All of lore.kernel.org
 help / color / mirror / Atom feed
From: "Thomas Hellström" <thomas.hellstrom@linux.intel.com>
To: Matthew Auld <matthew.auld@intel.com>,
	Rodrigo Vivi <rodrigo.vivi@kernel.org>
Cc: intel-xe@lists.freedesktop.org, Rodrigo Vivi <rodrigo.vivi@intel.com>
Subject: Re: [Intel-xe] [PATCH 2/3] drm/xe: fix xe_device_mem_access_get() race
Date: Mon, 15 May 2023 11:22:22 +0200	[thread overview]
Message-ID: <0bbe5a45-e908-bbf0-a553-d9f09a9ab4f4@linux.intel.com> (raw)
In-Reply-To: <09216a54-1a54-9300-2bc4-57e330da37bd@intel.com>


On 5/15/23 11:04, Matthew Auld wrote:
> On 15/05/2023 09:44, Thomas Hellström wrote:
>> Hi, Matthew,
>>
>> On 5/12/23 17:56, Matthew Auld wrote:
>>> On 12/05/2023 15:32, Rodrigo Vivi wrote:
>>>> On Thu, May 11, 2023 at 12:43:36PM +0100, Matthew Auld wrote:
>>>>> On 05/05/2023 17:44, Rodrigo Vivi wrote:
>>>>>> On Fri, May 05, 2023 at 04:38:53PM +0100, Matthew Auld wrote:
>>>>>>> It looks like there is at least one race here, given that the
>>>>>>> pm_runtime_suspended() check looks to return false if we are in the
>>>>>>> process of suspending the device (RPM_SUSPENDING vs 
>>>>>>> RPM_SUSPENDED). We
>>>>>>> later also do xe_pm_runtime_get_if_active(), but since the 
>>>>>>> device is
>>>>>>> suspending or has now suspended, this doesn't do anything either.

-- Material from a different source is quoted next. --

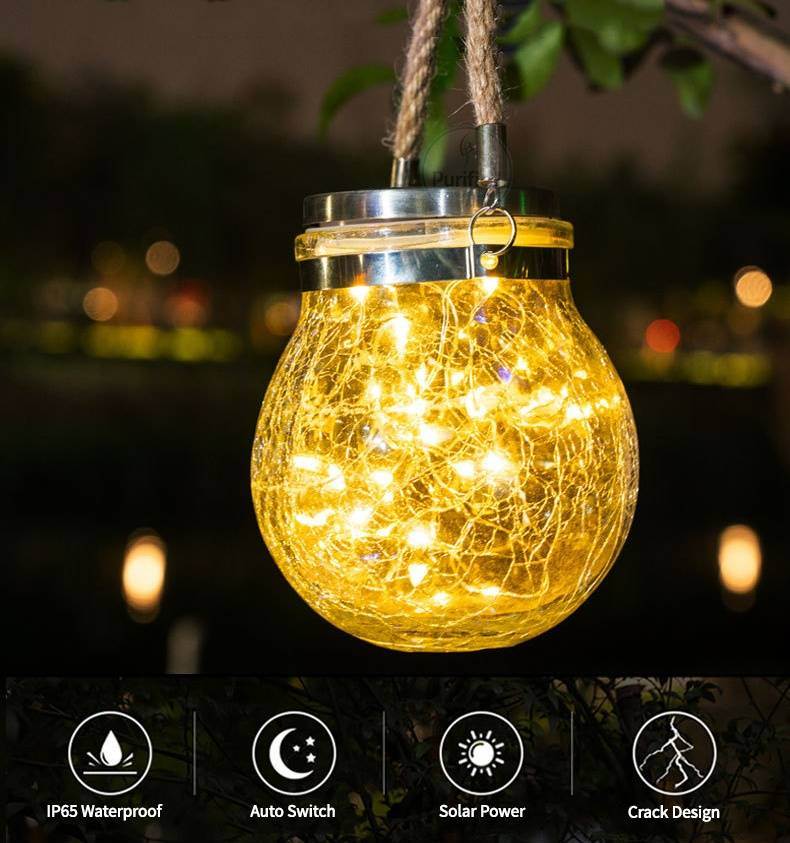 LED Crack Ball Glass Garden Lights Purified New Zealand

>>>>>>> Following from this we can potentially return from
>>>>>>> xe_device_mem_access_get() with the device suspended or about to 
>>>>>>> be,
>>>>>>> leading to broken behaviour.
>>>>>>>
>>>>>>> Attempt to fix this by always grabbing the runtime ref when our 
>>>>>>> internal
>>>>>>> ref transitions from 0 -> 1, and then wrap the whole thing with 
>>>>>>> a lock
>>>>>>> to ensure callers are serialized.
>>>>>>>
>>>>>>> Closes: https://gitlab.freedesktop.org/drm/xe/kernel/-/issues/258
>>>>>>> Signed-off-by: Matthew Auld <matthew.auld@intel.com>
>>>>>>> Cc: Rodrigo Vivi <rodrigo.vivi@intel.com>
>>>>>>> Cc: Thomas Hellström <thomas.hellstrom@linux.intel.com>
>>>>>>> Cc: Matthew Brost <matthew.brost@intel.com>
>>>>>>> ---
>>>>>>>    drivers/gpu/drm/xe/xe_device.c       | 11 +++--------
>>>>>>>    drivers/gpu/drm/xe/xe_device_types.h |  5 ++++-
>>>>>>>    drivers/gpu/drm/xe/xe_pm.c           |  9 ++-------
>>>>>>>    drivers/gpu/drm/xe/xe_pm.h           |  2 +-
>>>>>>>    4 files changed, 10 insertions(+), 17 deletions(-)
>>>>>>>
>>>>>>> diff --git a/drivers/gpu/drm/xe/xe_device.c 
>>>>>>> b/drivers/gpu/drm/xe/xe_device.c
>>>>>>> index 01c497bcf9a5..0a18b41a0e1a 100644
>>>>>>> --- a/drivers/gpu/drm/xe/xe_device.c
>>>>>>> +++ b/drivers/gpu/drm/xe/xe_device.c
>>>>>>> @@ -406,17 +406,12 @@ u32 xe_device_ccs_bytes(struct xe_device 
>>>>>>> *xe, u64 size)
>>>>>>>    void xe_device_mem_access_get(struct xe_device *xe)
>>>>>>>    {
>>>>>>> -    bool resumed = xe_pm_runtime_resume_if_suspended(xe);
>>>>>>> -
>>>>>>>        mutex_lock(&xe->mem_access.lock);
>>>>>>> -    if (xe->mem_access.ref++ == 0)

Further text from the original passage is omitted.